Le 2ème tiers de l’album est une série de ballades, le cauchemard ouvert de tous les fans de la Demoiselle. A vrai dire, les seules bonnes expériences dans ce domaine lui venaient jusque là de Cold Case Love et, dans une moindre mesure, de Take A Bow. Ceux qui ont assisté au Last Girl On Earth Tour auront sans doute eu comme moi cette immense réflexion lors de la partie douce au concert : Rihanna sur une ballade c’est comme manger du Nutella au piment ou écouter la lamentation du Rhinocéros, une expérience unique. Après des visions apocalyptiques comme Unfaithful, on comprend aisément qu’elles se soient faites rares depuis Good Girl Gone Bad. Pourtant, leur (grand?) retour rend son album moins longiligne… Mais plus laborieux. Pourquoi? Déjà parce qu’elle pourra y mettre toutes les forces qu’elle voudra et se remplir de tension à en faire caca comme sur Complicated ou California King Bed, sa voix n’est pas compatible avec les instrus douces qui font généralement les ballades. Ses cris ont l’élégance d’un pet (à partir de Fiiiinger dans California Bed, j‘ai eu le fou rire), et à l’instar de Katy Perry il ne faudrait absolument pas qu’on essaie d’en faire une chanteuse à voix car bon Russian Roulette, c’était bien une fois... Et que si elle continue sur cette voie, la quasi-totalité de ses propres chanson lui seront inaccessibles en Live, le comble. Ensuite parce qu’à essayer de nous vendre son âme on ne fait que se rendre compte que celle ci est faîte de carton-pâte avec une tâche de Shontelle sur le dessus. Rated R tirait sa force de ce côté froid qui lui allait bien, c’était elle, sans hypocrisie aucune. On remarque parce exemple, lorsqu’on la met aux commandes de sa propre version de Love The Way You Lie, que le résultat perd toute notion de hargne. Le message est plus beau sur papier, lorsqu’on lit un texte de Rihanna. C’est avec la finesse d’un terroriste qu’elle tente de transmettre des émotions, mais elle n’a ni la voix ni la motivation pour, alors pourquoi se forcer? C’est justement lorsqu’elle ne se force pas qu’elle réussit le mieux. Fading en bon Take A Bow revival remplit son rôle de petite douceur affectueuse. Oh, Jésus, quelle évolution !
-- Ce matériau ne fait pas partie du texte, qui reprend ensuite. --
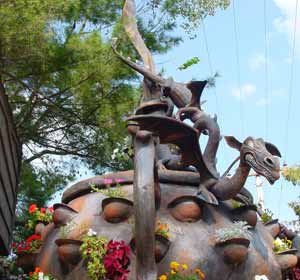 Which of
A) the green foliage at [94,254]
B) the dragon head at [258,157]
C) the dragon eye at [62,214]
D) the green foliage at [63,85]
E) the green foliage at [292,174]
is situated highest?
the green foliage at [292,174]

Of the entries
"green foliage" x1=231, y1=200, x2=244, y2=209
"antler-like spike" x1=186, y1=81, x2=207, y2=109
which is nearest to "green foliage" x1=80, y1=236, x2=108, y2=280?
"green foliage" x1=231, y1=200, x2=244, y2=209

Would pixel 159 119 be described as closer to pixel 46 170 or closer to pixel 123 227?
pixel 123 227

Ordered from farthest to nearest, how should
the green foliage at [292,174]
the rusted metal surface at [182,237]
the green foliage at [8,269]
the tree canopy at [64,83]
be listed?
1. the green foliage at [292,174]
2. the tree canopy at [64,83]
3. the green foliage at [8,269]
4. the rusted metal surface at [182,237]

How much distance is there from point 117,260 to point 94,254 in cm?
20

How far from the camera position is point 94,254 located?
3.91 m

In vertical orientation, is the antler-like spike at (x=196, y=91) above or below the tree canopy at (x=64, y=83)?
below

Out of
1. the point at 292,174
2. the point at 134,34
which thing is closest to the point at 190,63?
the point at 134,34

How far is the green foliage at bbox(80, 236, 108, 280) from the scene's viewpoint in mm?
3873

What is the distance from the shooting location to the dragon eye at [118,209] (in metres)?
4.08

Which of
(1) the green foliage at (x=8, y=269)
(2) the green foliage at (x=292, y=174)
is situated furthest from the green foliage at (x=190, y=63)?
(2) the green foliage at (x=292, y=174)

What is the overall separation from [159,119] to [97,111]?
5.15 metres

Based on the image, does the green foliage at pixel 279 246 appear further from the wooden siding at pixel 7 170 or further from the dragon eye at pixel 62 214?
the wooden siding at pixel 7 170

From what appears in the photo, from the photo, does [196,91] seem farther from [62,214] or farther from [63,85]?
[63,85]

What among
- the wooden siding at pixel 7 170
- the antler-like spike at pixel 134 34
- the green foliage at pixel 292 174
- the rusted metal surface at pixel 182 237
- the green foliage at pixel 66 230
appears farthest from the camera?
the green foliage at pixel 292 174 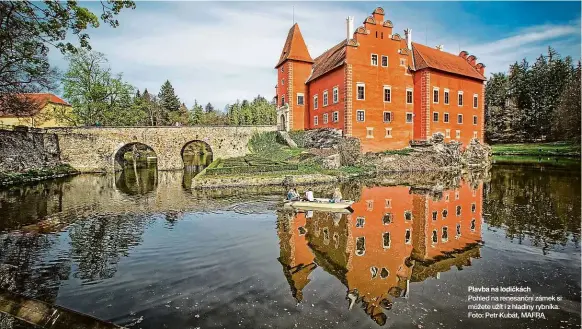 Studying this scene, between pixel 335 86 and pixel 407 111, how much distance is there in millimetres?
10555

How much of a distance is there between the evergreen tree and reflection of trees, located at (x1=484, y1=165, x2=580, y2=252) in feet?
249

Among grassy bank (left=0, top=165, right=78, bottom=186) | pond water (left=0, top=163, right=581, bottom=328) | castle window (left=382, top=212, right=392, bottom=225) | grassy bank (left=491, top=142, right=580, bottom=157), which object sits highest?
grassy bank (left=491, top=142, right=580, bottom=157)

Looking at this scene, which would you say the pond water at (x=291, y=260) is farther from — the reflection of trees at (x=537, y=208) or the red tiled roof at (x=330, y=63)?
the red tiled roof at (x=330, y=63)

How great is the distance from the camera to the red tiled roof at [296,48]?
4534 centimetres

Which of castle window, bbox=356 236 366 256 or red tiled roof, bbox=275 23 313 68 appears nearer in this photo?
castle window, bbox=356 236 366 256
Jamais 2 sans 3, dirait Britney, et la 3ème partie de cette album est de loin la plus réussie. On se doute qu’il y a toute une équipe derrière Rihanna (et dans tous les sens du terme dont les plus dégueulasses), et celle la semble avoir entrepris un petit projet, une petit cohérence entre les mids, à la fois modernes, un peu froids, funs et bâtis pour supporter leurs différences, mais avec une cohérence entre eux. C’est là que LOUD trouve sa véritable identité, balayée entre un coup de seins et les vieilles traces blanchâtres laissées par ces titres destructeurs qui constitueront sûrement la promo de l’album. Skin est sans doute le petit résidu de Rated R de l’album, plus sombre, plus long, plus terne, mais surtout plus travaillé - si on s‘enlève cette fâcheuse impression d‘écouter la démo de Cold Case Love. Puis viennent What’s My Name et Cheers, qui ont tous les deux leur côté djeun’s, niais et un peu ridicule mais bénéficient de la jeunesse retrouvée de la connasse qui les chante. Le tout reste facile et sera sûrement lassant sur la durée mais se trouve être tout ce que j’attendais de LOUD : une Pop qui ne pète pas plus haut que son cul (celui de Rihanna ne permettrait pas un tel exploit de toute façon), simplement amusante voire reposante. Dorée à point pour le printemps, et adoucissant l’image de wesh-wesh qu’elle s’était donnée avec Rated R sans retourner dans l’avalanche surproduite de GGGB. Du neuf, pour du Rihanna. Suivant cette idée, la plus belle réussite de l’album est Man Down, dont le texte m’a beaucoup rappelé G4L et l‘instru Rude Boy. Une chanson avec une identité, mais gardant les recettes simples d’une chanson « pop » accessible. Une version moins dramatique et froide de Rated R. Bref, simplement la preuve qu’elle est encore bonne à quelque chose.

Conclusion?
LOUD est un début de bonne idée noyé dans un déluge de cochonneries. Une chatte grande ouverte, des grognements de poufiasse et un bordel intéressant mais mal organisé, ça rappellerait presque Bionic. En voulant concilier un petit retour à Good Girl Gone Bad et une identité propre à LOUD, le résultat est bancal, trop court, pas fini, et la moitié des tracks semblent faire écho au passé de sa propre discographie. Soigne donc tes passages chez le coiffeur jeune fille, c’est de loin le travail le plus inspiré que tu nous ais jamais produit.
J’attends ton prochain passage à Château Rouge, cuz this is stupid and I‘m not stupid in love,

11/20.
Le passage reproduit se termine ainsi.